FINRA’s Ketchum’s comments to STA on October 13th

 

Richard Ketchum has a long and distinguished career in the securities industry. He is the current CEO of FINRA. He has served as the CEO of NYSE Regulation, General Counsel of Citigroup, as well as President of NASD, and a director of Market Regulation at the SEC. He delivered a speech last Thursday to the STA at their Annual Conference in Palm Beach, FL. You can read his speech here: http://www.finra.org/Newsroom/Speeches/Ketchum/P124661

His speech summarizes some market structure changes over the past year and a half, and we would like to highlight those for you this morning, as Mister Ketchum is someone with a broad level of perspective and expertise in the markets. These are all his quotes:

Since the flash crash of May 6, the markets have not really stabilized. The CBOE Volatility Index has hovered between 35 and 50 since August 2011 with no apparent end in sight.

In September of this year, the new “Manning” rule went into effect. Retail order flow in NMS stocks can be walled off from a firm’s market-making desk, provided there is an adequate information barrier in place separating the two areas, and providing that customers receive adequate disclosure of the arrangement.

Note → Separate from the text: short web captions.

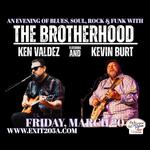 The Brotherhood featuring Ken Valdez and Kevin Burt 
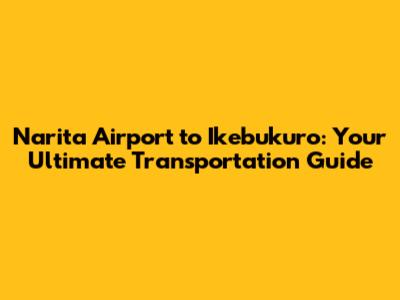 Narita Airport to Ikebukuro: Your Ultimate Transportation Guide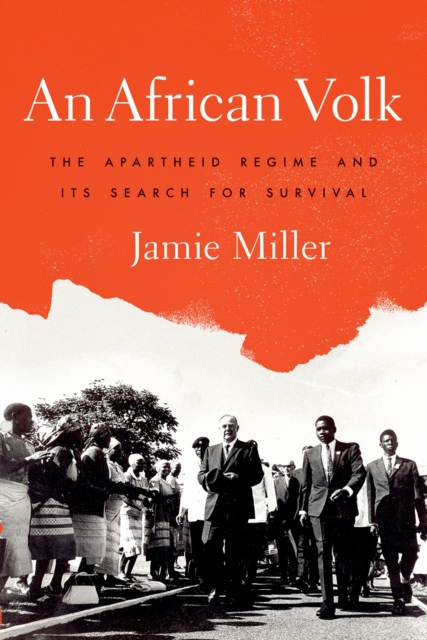 An African Volk : The Apartheid Regime and Its Search for Survival, PDF eBook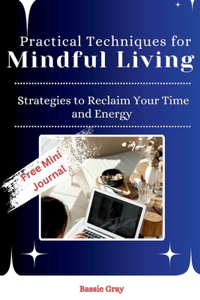 Practical Techniques for Mindful Living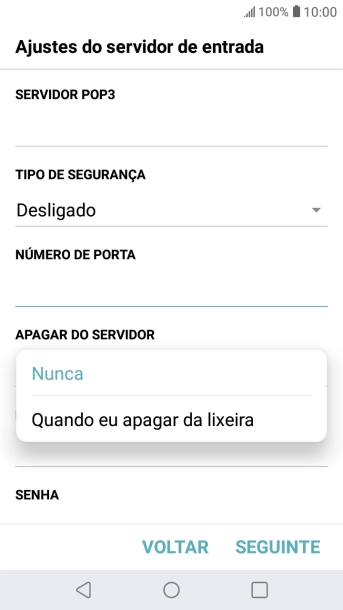 Pressione Nunca para manter os e-mails no servidor, quando você apagá-los do celular. Pressione Nunca para manter os e-mails no servidor, quando você apagá-los do celular.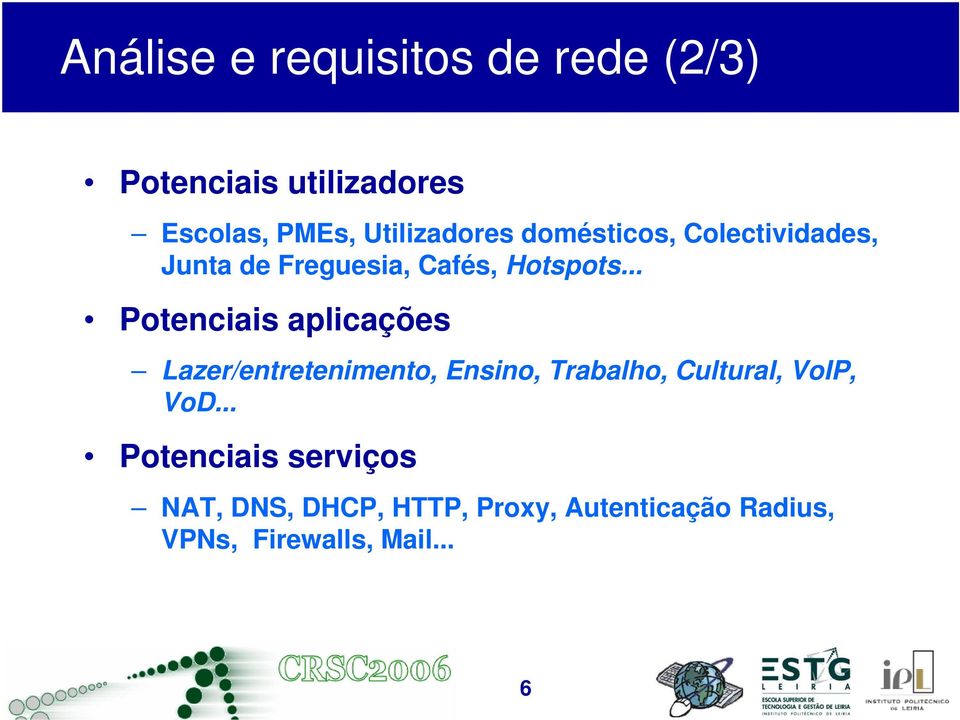 .. Potenciais aplicações Lazer/entretenimento, Ensino, Trabalho, Cultural, VoIP, VoD.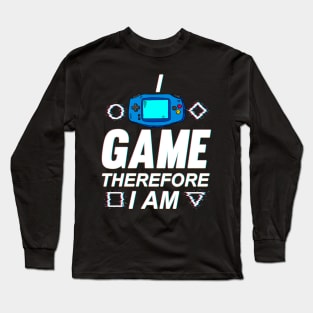 I Game Therefore I Am Long Sleeve T-Shirt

A significant enhancement to FINRA’s audit trail is the expansion of OATS to include all NMS issues and the elimination of the NYSE’s OTS system.

We propose that a firm must have an order in hand to call it a natural IOI. This proposal frankly has not been without debate within FINRA and its committees and so we are asking for comments on the proposal and have posed several questions in the Notice.

We have created an environment marked by higher volume, very aggressive competition and low spreads. And liquidity is spread across multiple books and in some cases across books that are not transparent. When these conditions are combined with free and extremely cheap access to electronic trading, the result is an environment where liquidity can very quickly disappear.

It is difficult to design algorithms to perform well during periods of extreme volatility where fundamental assumptions of the market are challenged.

In a highly volatile market environment, it’s absolutely critical to have pauses and limits that work in a way to allow human beings to make a determination that the market has not been fundamentally changed and to convey that there are buying or selling opportunities.

A step that I think is absolutely critical for the integrity of our markets going forward is the SEC’s action on naked access and the requirement that anyone directly interacting with the marketplaces be a broker-dealer.
With respect to high frequency and algorithmic trading, we are focused on the detection of so-called “momentum ignition” strategies.

We are continuing to look at purported instances of “quote stuffing,” in which extremely high levels of message traffic occurs in a particular security.